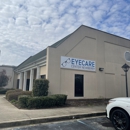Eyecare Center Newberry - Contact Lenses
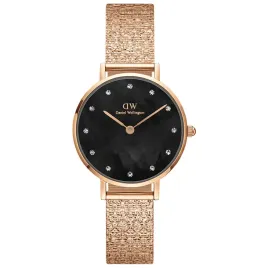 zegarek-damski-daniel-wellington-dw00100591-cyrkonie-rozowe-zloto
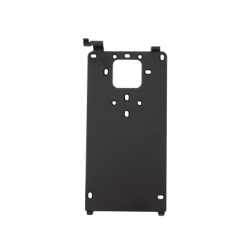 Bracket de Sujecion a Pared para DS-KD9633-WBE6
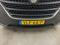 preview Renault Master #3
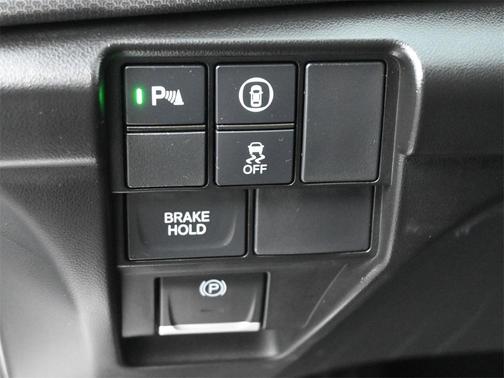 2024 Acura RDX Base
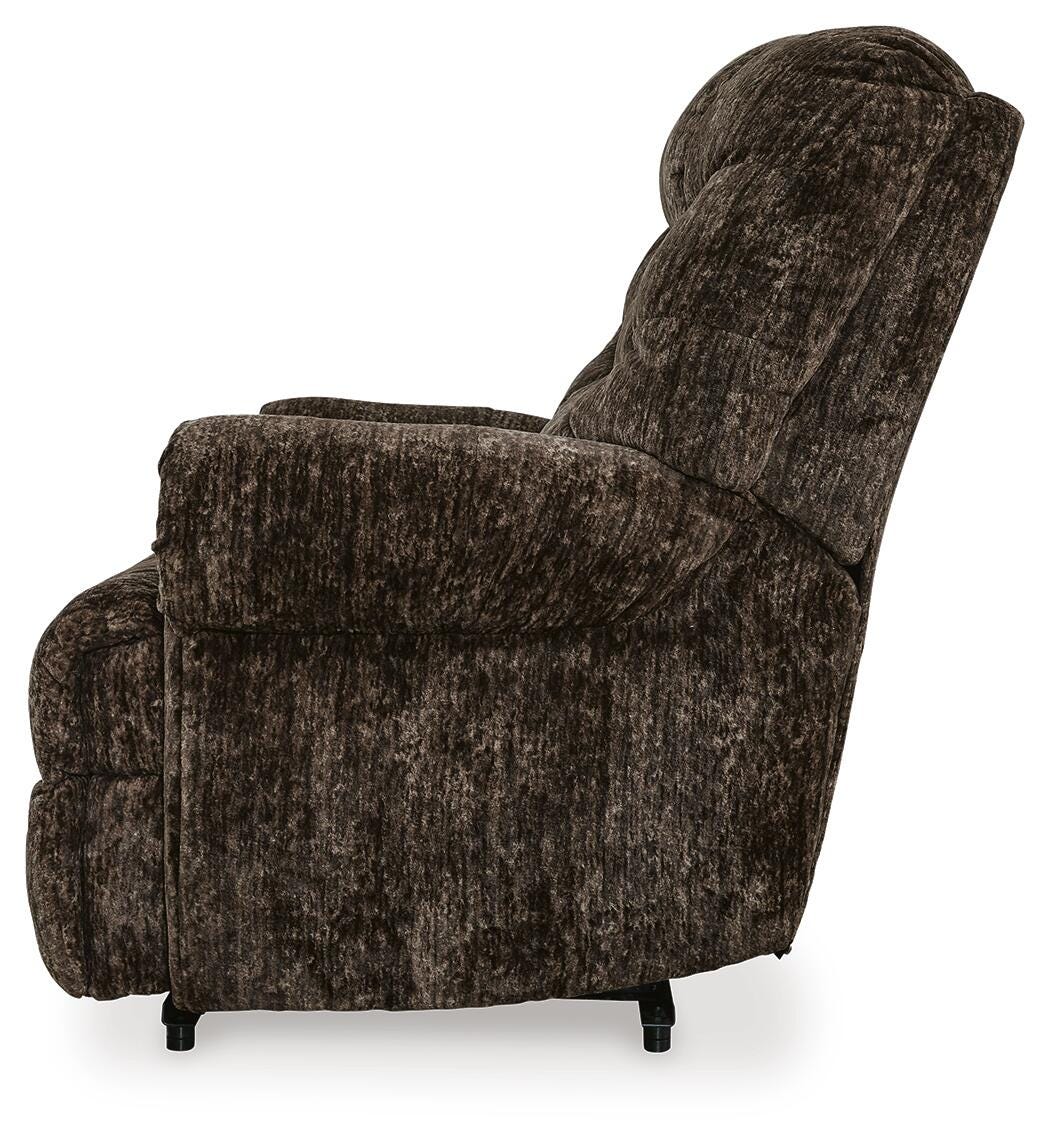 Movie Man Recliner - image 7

########################################

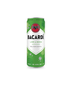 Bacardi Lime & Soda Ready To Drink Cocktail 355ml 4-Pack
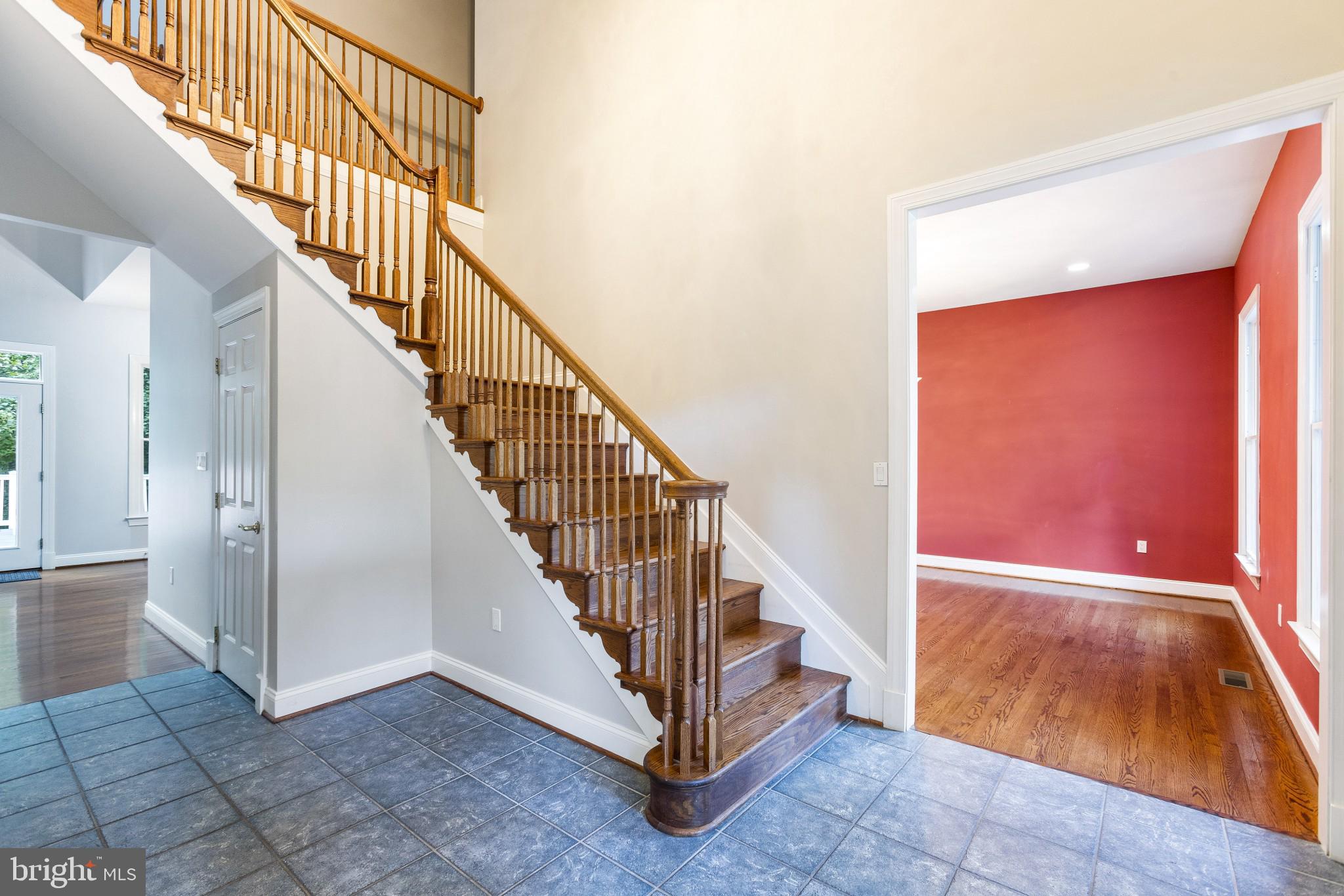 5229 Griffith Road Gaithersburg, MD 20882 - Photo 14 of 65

########################################

▶ Problem to solve: From the entries above, copy exactly the lines starting at the one with "Eyecare Center Newberry - Contact Lenses" and stopping at the one with "Movie Man Recliner - image 7", keeping both ends. Drop the pictures.

▶ Solution:
Eyecare Center Newberry - Contact Lenses
 zegarek-damski-daniel-wellington-dw00100591-cyrkonie-rozowe-zloto
 Bracket de Sujecion a Pared para DS-KD9633-WBE6
 preview Renault Master #3
 2024 Acura RDX Base
 Movie Man Recliner - image 7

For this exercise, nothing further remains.